### [Aim of the exercise]
Each record needs to be retyped exactly, though its pictures should not appear.

### [Exercise data]
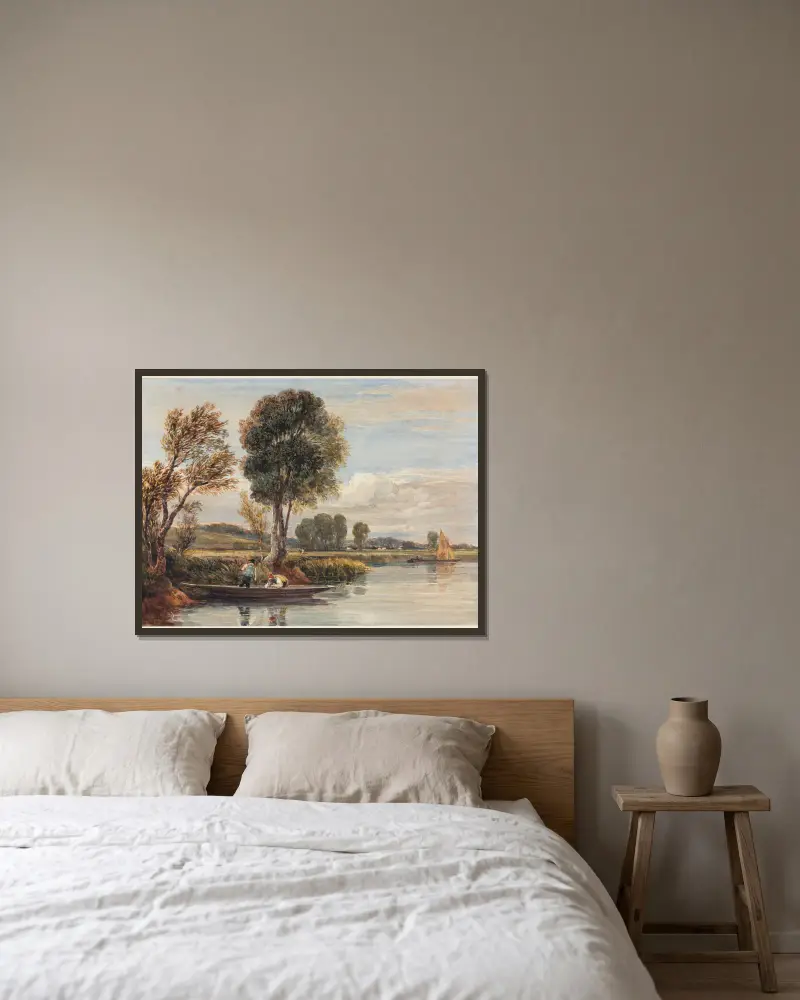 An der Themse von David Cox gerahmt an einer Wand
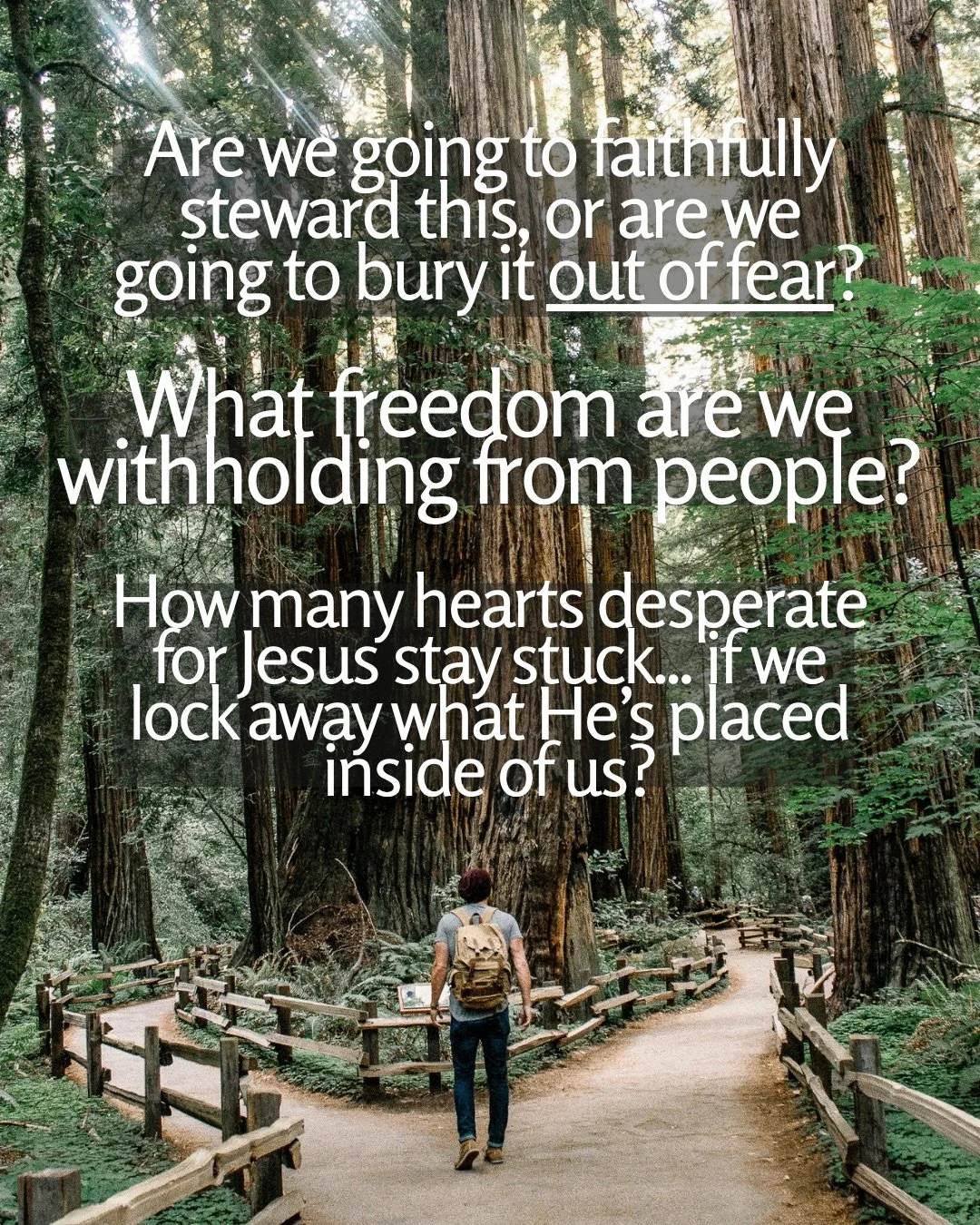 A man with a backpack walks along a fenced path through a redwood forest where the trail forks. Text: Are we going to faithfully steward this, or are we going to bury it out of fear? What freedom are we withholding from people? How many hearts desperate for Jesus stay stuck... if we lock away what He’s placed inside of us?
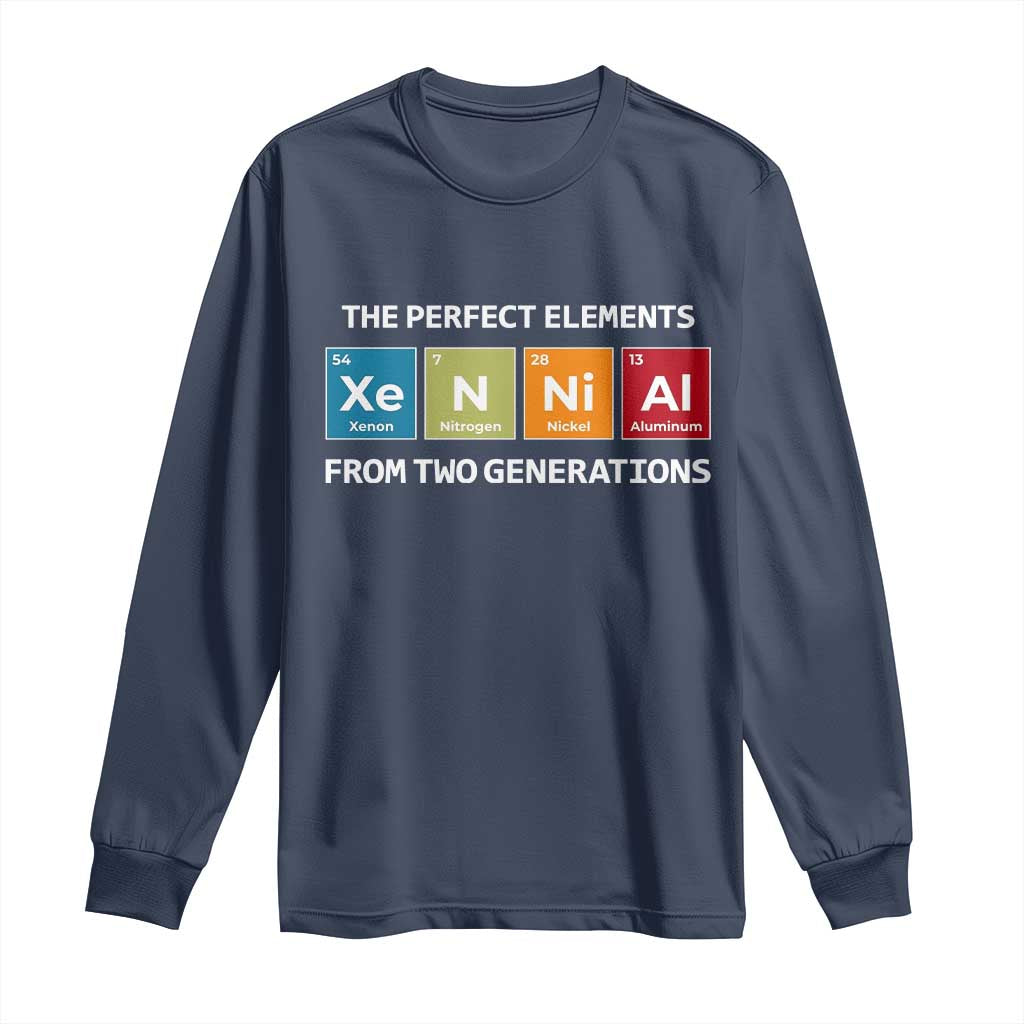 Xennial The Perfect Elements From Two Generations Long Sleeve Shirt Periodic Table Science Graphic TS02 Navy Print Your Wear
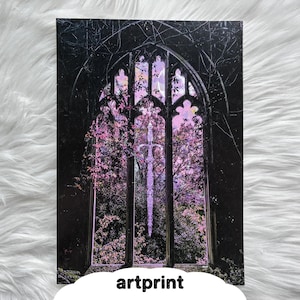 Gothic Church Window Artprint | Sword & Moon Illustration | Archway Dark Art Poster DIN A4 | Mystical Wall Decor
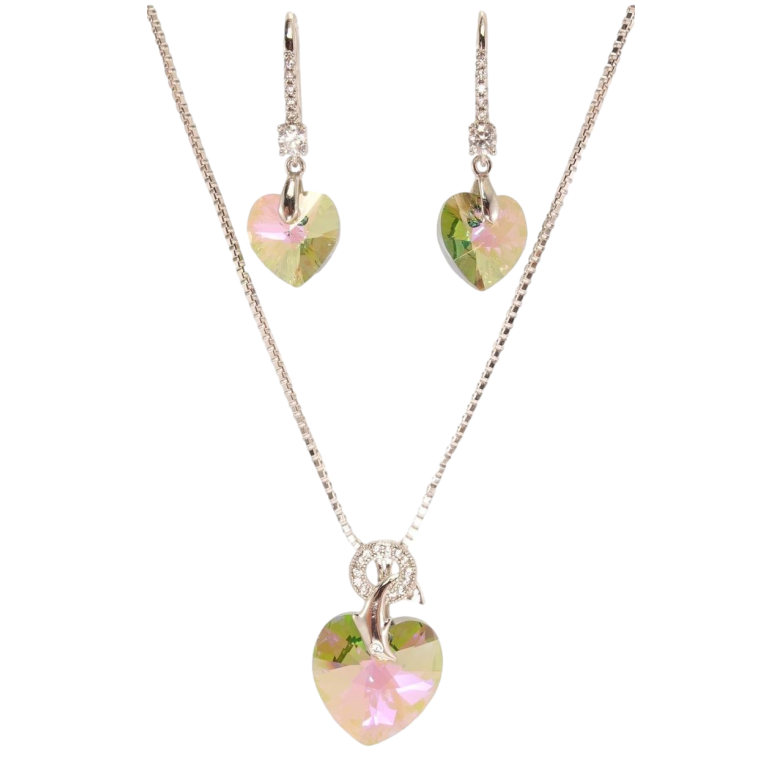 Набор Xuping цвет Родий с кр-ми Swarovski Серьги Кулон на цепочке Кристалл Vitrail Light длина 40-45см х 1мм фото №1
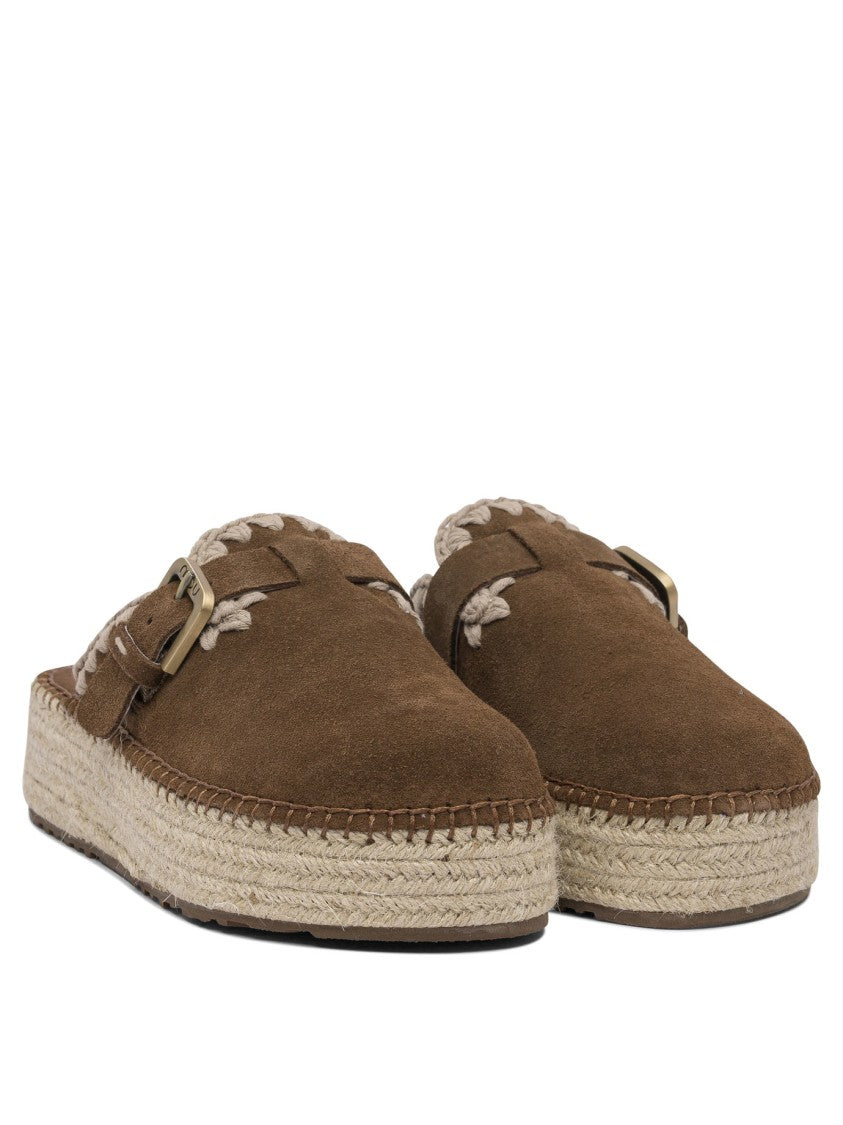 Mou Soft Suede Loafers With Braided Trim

### [Output for this exercise]
 An der Themse von David Cox gerahmt an einer Wand
 A man with a backpack walks along a fenced path through a redwood forest where the trail forks. Text: Are we going to faithfully steward this, or are we going to bury it out of fear? What freedom are we withholding from people? How many hearts desperate for Jesus stay stuck... if we lock away what He’s placed inside of us?
 Xennial The Perfect Elements From Two Generations Long Sleeve Shirt Periodic Table Science Graphic TS02 Navy Print Your Wear
 Gothic Church Window Artprint | Sword & Moon Illustration | Archway Dark Art Poster DIN A4 | Mystical Wall Decor
 Набор Xuping цвет Родий с кр-ми Swarovski Серьги Кулон на цепочке Кристалл Vitrail Light длина 40-45см х 1мм фото №1
 Mou Soft Suede Loafers With Braided Trim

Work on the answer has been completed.